I lived in Tulsa the year before I moved to California in 1987 and I got to spend lots of quality time with Ken, his wife Chris, and their three daughters. The evening routine never varied. Ken came home from work. Chris made dinner. Then they plopped down in their comfortable chairs, watched TV, smoked cigarettes. And drank. And drank some more.
California called and I moved away. Five years later, Chris died in a freak accident, just days after Ken took early retirement. His father had died when Ken was only eight. Now this. All the pain resurfaced. Ken never recovered.
It’s as if my cousin decided to crawl into a bottle and not come out.
His drinking grew worse and worse. Ken became abusive, saying nasty, cruel things to his daughters, only to later sober up and having to apologize. They tried intervention repeatedly, but Ken remained in denial. He passed out one night and started a house fire, destroying treasured family possessions, almost dying in the process.

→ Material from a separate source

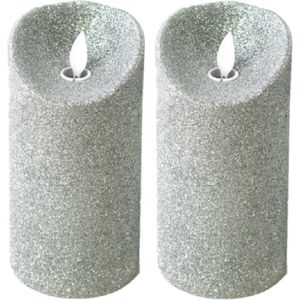 Gerim LED kaars/stompkaars - 2x stuks - zilver - H15 cm - met glitters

His daughters stayed away. His older brother gave up. Then Ken started calling me, leaving long, rambling messages on our home answering machine, wanting to come out and visit. I never returned his calls. I wanted nothing to do with a drunk.
When I received the e-mail from his oldest daughter, asking me to call, I sensed instantly what had happened. This was always a question of When, not If. My initial reaction was one of relief. The pain had finally ended for Ken. His personal nightmare was over.
But I am flying to Tulsa fueled by equal doses of sadness and guilt.
Sadness for the drunk Ken became.
Sadness over his refusal to get professional help.
Sadness for the wounds he caused among his own flesh and blood.
Sadness that he never had the epiphany about drinking that I did back in 1990.
The guilt stems from those unanswered phone calls and doors I deliberately shut because I did not have the strength to open them. But guilt should never be confused with regret. I did the right thing.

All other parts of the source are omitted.